Vem, Senhor Jesus! Vem, para que não esperemos outro, mas Te acolhamos na
fé!
Vem, Senhor Jesus! Vem, e introduz-nos a todos no mistério de Deus-Amor.
Vem, Senhor Jesus! Vem, para que todos Te reconheçam como Filho do Pai e
nosso Salvador.
Vem, Senhor Jesus! Vem, para que todo o joelho se dobre diante de Ti, e toda
a língua Te proclame «Senhor». Amen.
Contemplatio
Depois da partida dos enviados de João, Nosso Senhor falou aos discípulos
sobre a mortificação do Precursor. Chamou-lhes a atenção para a sua estadia no
deserto, para o seu desprezo pelo vestuário caro e pelas alegrias do mundo, para o
seu amor ao jejum e às austeridades: neque manducans panem, neque bibens vinum
(Lc 7, 7).
Nosso Senhor indica deste modo sucessivamente, e segundo as circunstâncias,
todas fontes da graça: a paciência, a fé, a docilidade ao Espírito, a mortificação. É
porque quer preparar-nos para uma grande união com Ele.

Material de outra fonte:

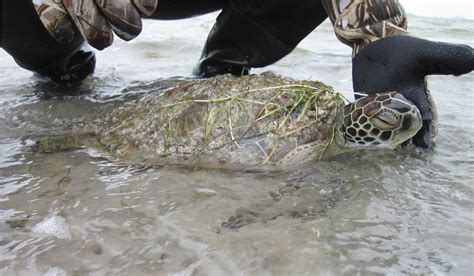 Sea Turtle Without Shell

A Igreja agiu sabiamente ao pôr sob os nossos olhos todos estes ensinamentos,
para nos preparar para a grande festa do Natal. As graças, que havemos de receber,
serão proporcionais à nossa preparação. (Pe. Dehon, OSP 4, p. 558).
Actio
Repete frequentemente e vive hoje a palavra:
«Vinde a mim e sereis salvos» (Is 45, 22).